These representations are subtle but consistent. Adventism does not see God as in control, sovereign over all evil and violence. Rather, they see Him as a slow but eventual “responder”, a God who lets His creatures wreak havoc in the universe until He finally reacts to them and melts the elements.
God, though, is in charge. He has the first and the last word. Violence is not outside His sovereign limits, and His relation of Himself never ceases. What can be known of Him is clearly seen in what has been made, and all men are without excuse (Rom. 1:18–22).
EGWs “Zion”
Finally, the week’s lessons end with a quote from EGW’s The Great Controversy, p. 677. Here we discover that the lesson’s goal is to present Adventism’s view of “heaven” as the Zion toward which this psalm points. Here is the quote:
“There, immortal minds will contemplate with never-failing delight the wonders of creative power, the mysteries of redeeming love. There is no cruel, deceiving foe to tempt to forgetfulness of God. Every faculty will be developed, every capacity increased. The acquirement of knowledge will not weary the mind or exhaust the energies. There the grandest enterprises may be carried forward, the loftiest aspirations reached, the highest ambitions realized; and still there will arise new heights to surmount, new wonders to admire, new truths to comprehend, fresh objects to call forth the powers of mind and soul and body.”

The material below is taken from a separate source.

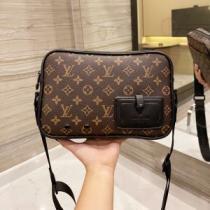2026秋冬 ルイ ヴィトン LOUIS VUITTON 2色可選 ショルダーバッグ バランスのいい大きさ ルイ ヴィトンコピー コスパ最高のプライス.45.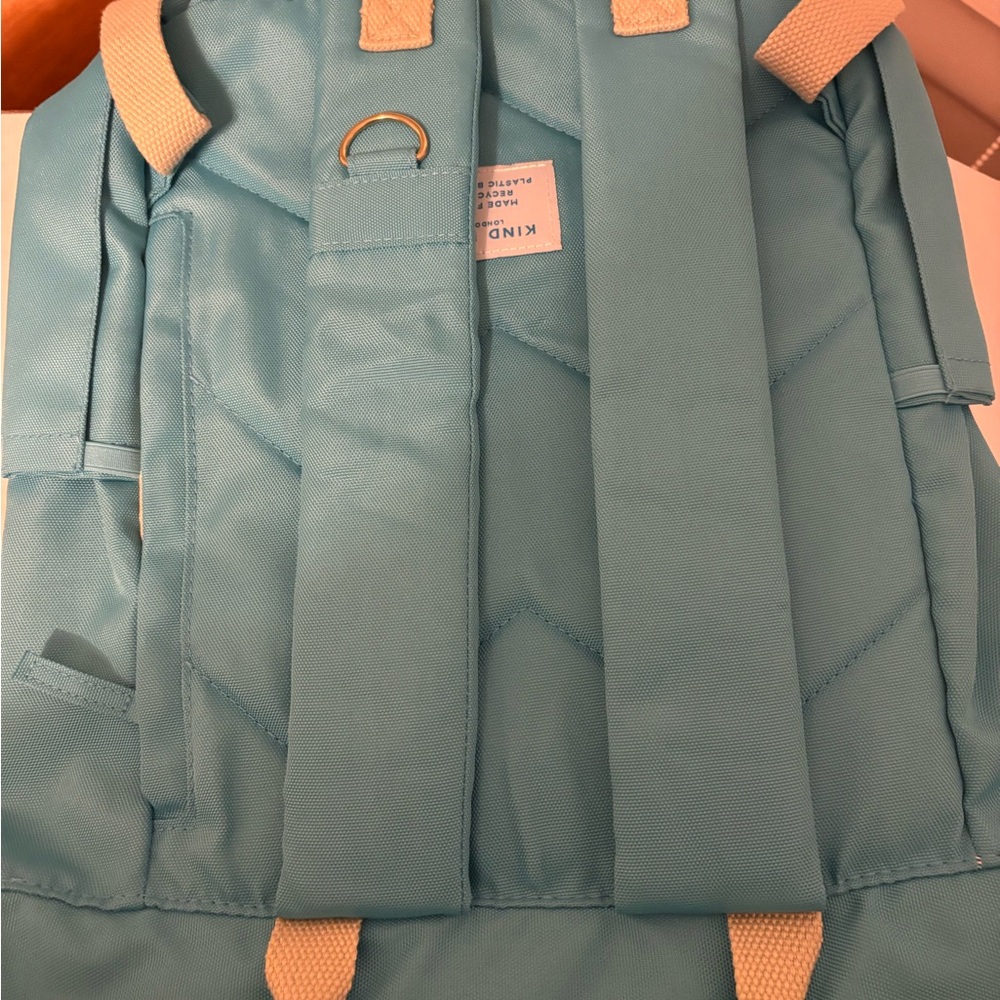 Kind Backpack in RARE COLOR - Picture 5 of 8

Notice that this description of “Zion” is all about “us”: we will be able to develop all of our faculties and talents without limit. We will not have a devil to tempt us, and nothing we do will fatigue us. Our loftiest aspirations will be achieved. Our highest ambitions will be realized. There will be no limit to the new heights, new wonders, new truths, new thoughts and ideas to challenge the powers of our minds and souls and bodies!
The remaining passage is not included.